Two years ago, we discussed Moshe Rabeinu's query of Hashem "Why did You do bad to this people?" (5:22). Under the circumstances, this query appeared more than reasonable, and perfectly justified. And we pointed out then, how even Moshe Rabeinu, who understood the ways of Hashem better than anyone else, was way off the mark - on that occasion - in his assessment of the balance between G-d's Midas ha'Din and Midas ha'Rachamim.

We explained how the human mind is just too small to fathom the extent of G-d's mercy, how, so deep is G-d's love of Klal Yisroel, that the unbearable suffering to which Yisroel was subjected was in fact, absolutely vital to their emergence as a nation, because, without it, they would not have been able to leave Egypt.

In fact, Moshe was severely punished for his lack of faith, for taking Hashem to task, as it were. As a result, he was told that he would not witness the conquest of Eretz Yisroel, forty years later.

Chazal have said (Bovo Basra 16b) that a person is not taken to task for something that he does when he is in pain, and it is not at first clear as to why Moshe, who obviously felt deep pain at the increasing misery of Klal Yisroel, should therefore be taken to task for what he said at that moment.

Perhaps that principle applies only to the actual sufferer at the time of his suffering, but not to others who witness the suffering, and who maybe even share the sufferer's anguish, but whose suffering is indirect. As far as the sufferer is concerned, G-d is willing to overlook his expression of personal pain and agony, and to overlook any insult to His great and Holy Name that this might incur.

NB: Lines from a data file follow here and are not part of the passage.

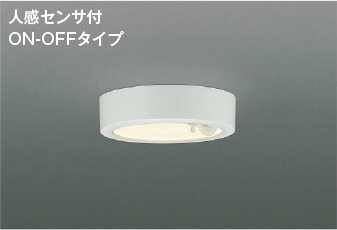 シーリングライト 屋内用人感センサー付き 洋室・リビング・ダイニング 小型・畳数なし ※工事必要 白熱灯100W相当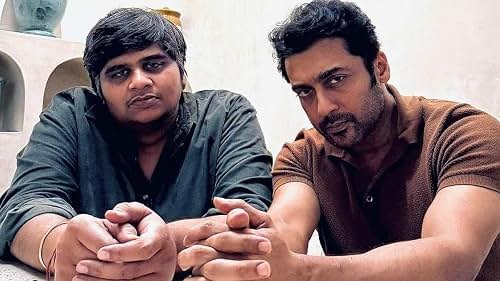 iammoviebuff007's tweet photo. #KarthikSubbaraj about #Suriya ❣️:

Initially, it started formally during the narration.. But during the process of #Retro, he became like a brother to me.. He also said, “Thambi feel dhan.. Un peru vera Karthi.. En thambi perum Karthi..” So, it’s a brotherhood.. I see him as a brother..❤️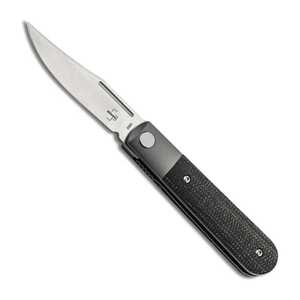 Boker Plus Modern Barlow Liner Lock Folding Knife | Black / Satin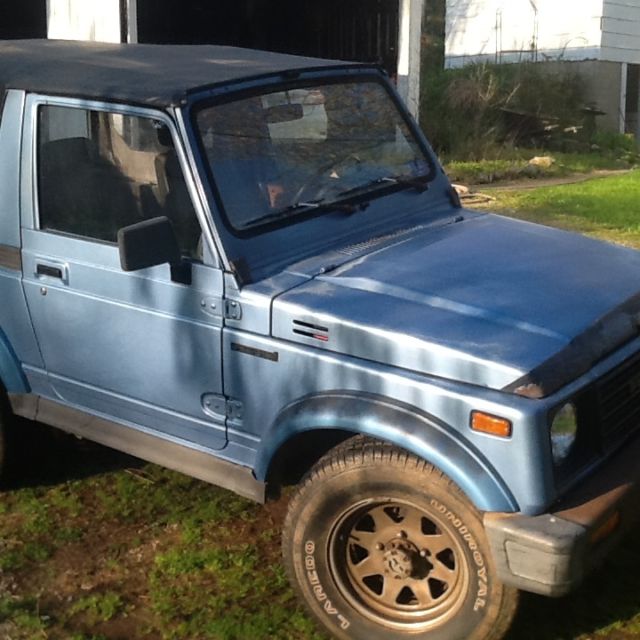 1987 Suzuki Samurai JA - photo 10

Another prime example of just how distant man is from even beginning to fathom the depths of the Divine mercy, is that of King Shaul:

The Gemoro in Shabbos (56b) explains how King Shaul 'quarrelled with Hashem' concerning the Parshah of Eglah Arufah, whose neck was broken in the valley. Rashi explains this to mean that, when Shmuel ha'Novi commanded Shaul to destroy Amolek - men, women and children (a mitzvah whose roots lie in the Torah itself, where it writes "wipe out every trace of Amolek" - see Rashi Devorim 25:19) - Shaul's reaction was one of silent indignation. How could he possibly kill all those innocent people? If the Torah demands a whole ceremony, concluding with the breaking of a calf's neck in a valley of virgin soil, to atone for the death of just one innocent man, then how could he, Shaul, justify the death of so many blameless men, women and children?

King Shaul overcame that impulse, and went on to kill all of those 'innocent people', but his merciful instinct got the better of him at the sight of Agag their King, whom he kept alive - for only one night. Hashem alone knew what an act of kindness it would have been to have killed, not only all those men, women and children, but Agag too - there and then. He knew how many countless millions of Jewish lives would have been spared, if only King Shaul would have ignored his merciful instinct and obeyed Him instead.

King Shaul cannot be blamed for not knowing how cruel an act it was, to spare even one potential ancestor of Amolek - for even just one night. It was an act that would lead to every conceivable form of tyranny and persecution, murder and genocide. He could not have known this. But he can, however, be blamed for not having the faith in Hashem to do what G-d's emisarry, the Novi Shmuel, instructed him to do, without doubting or wavering. For that is the true meaning of faith - the conviction that G-d knows what is best for mankind and for us. We cannot even begin to understand that knowledge, let alone to query it.

Parshah Pearls
Parshas Sh'mos


R. Bachye notes that, although Binyomin was the youngest of the brothers, he is listed seventh at the beginning of the Parshah, whilst Yosef, who was older than Binyomin, is placed last.

He gives a number of reasons for this strange order. Binyomin is placed seventh, he explains, because of the Beis ha'Mikdosh, which is in Binyomin's portion, and the Beis ha'Mikdosh is in Eretz Yisroel, which is the seventh 'Aklim' (sectional climates into which the world is divided). It is the seventh Aklim - in space - like Shabbos is the seventh day - in time - (and, as the Medrash says, all the sevenths are special).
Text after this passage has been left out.